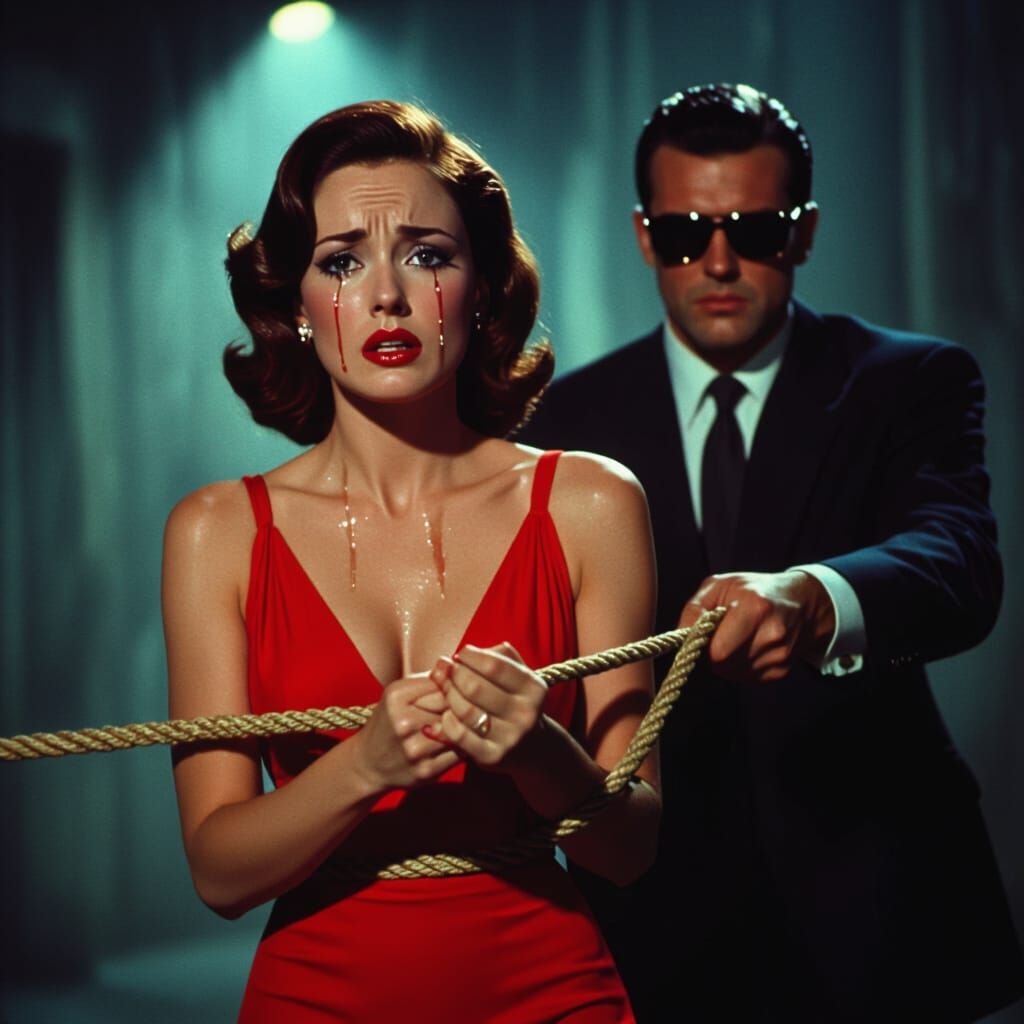 1970s Woman in Red Dress, Hands Tied, Film Noir Style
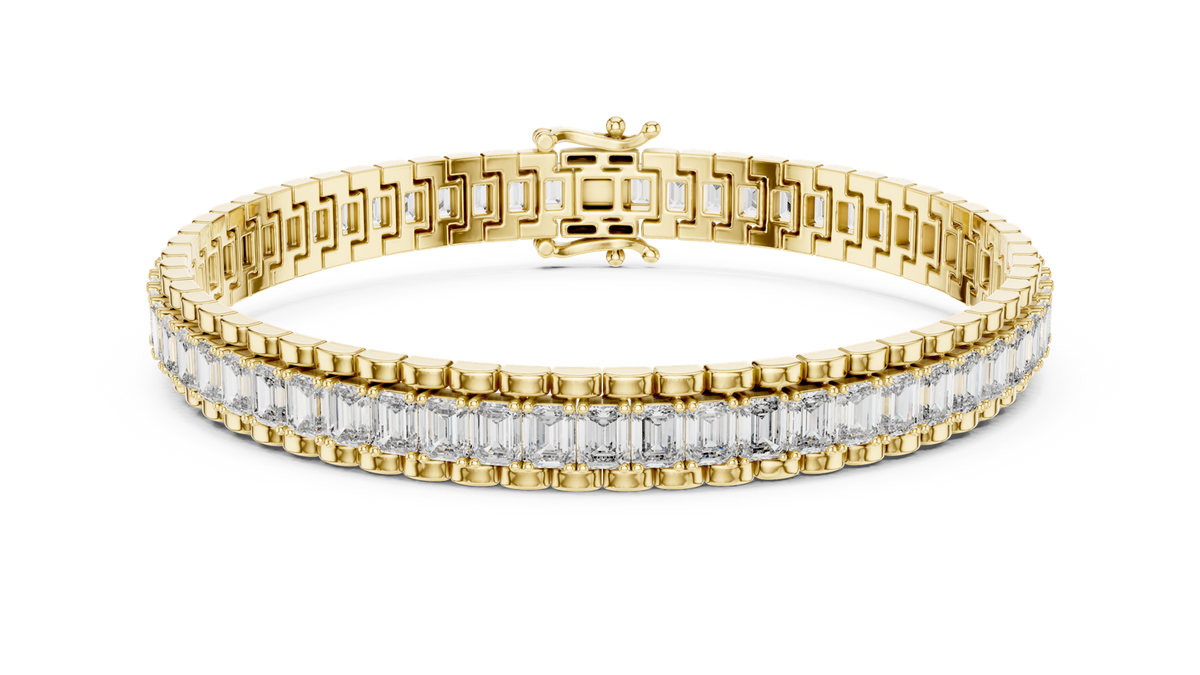 14K Solid Gold Lab Diamond Bracelet, Yellow Gold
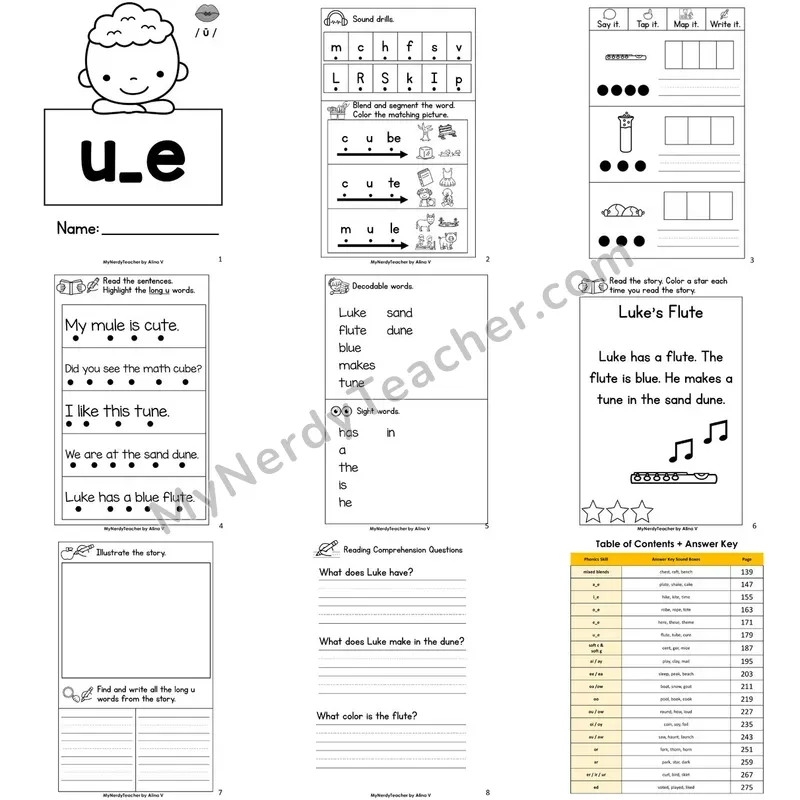 Letter Size Decodable Book — u_e long u Phonics Practice with Comprehension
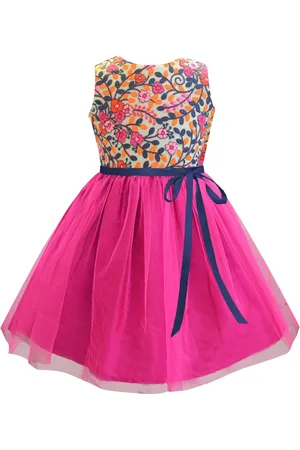 A.T.U.N. Girls Fuchsia Floral Net Fit and Flare Dress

.....

**Your task**
Within the listing above, find the line containing "Letter Size Decodable", then print it and every line after it exactly, leaving out pictures.

**Exercise response**
 Letter Size Decodable Book — u_e long u Phonics Practice with Comprehension
 A.T.U.N. Girls Fuchsia Floral Net Fit and Flare Dress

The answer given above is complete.